*WHAT THE EXERCISE ASKS*. Only the lines below from the one containing "1034 Hatfield St, Lehigh Acres, FL 33974" to the one containing "RENAULT Rafale 1.2" should be repeated, both included and unchanged.

*RECORDS PROVIDED*.
◆ ◆ ◆

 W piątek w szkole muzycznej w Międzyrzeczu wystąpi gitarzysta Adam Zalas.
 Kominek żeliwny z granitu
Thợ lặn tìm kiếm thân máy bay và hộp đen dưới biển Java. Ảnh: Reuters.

◆ ◆ ◆

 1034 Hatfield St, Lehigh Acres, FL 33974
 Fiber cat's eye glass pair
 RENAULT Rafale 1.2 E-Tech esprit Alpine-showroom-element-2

◆ ◆ ◆

*THE ANSWER*.
 1034 Hatfield St, Lehigh Acres, FL 33974
 Fiber cat's eye glass pair
 RENAULT Rafale 1.2 E-Tech esprit Alpine-showroom-element-2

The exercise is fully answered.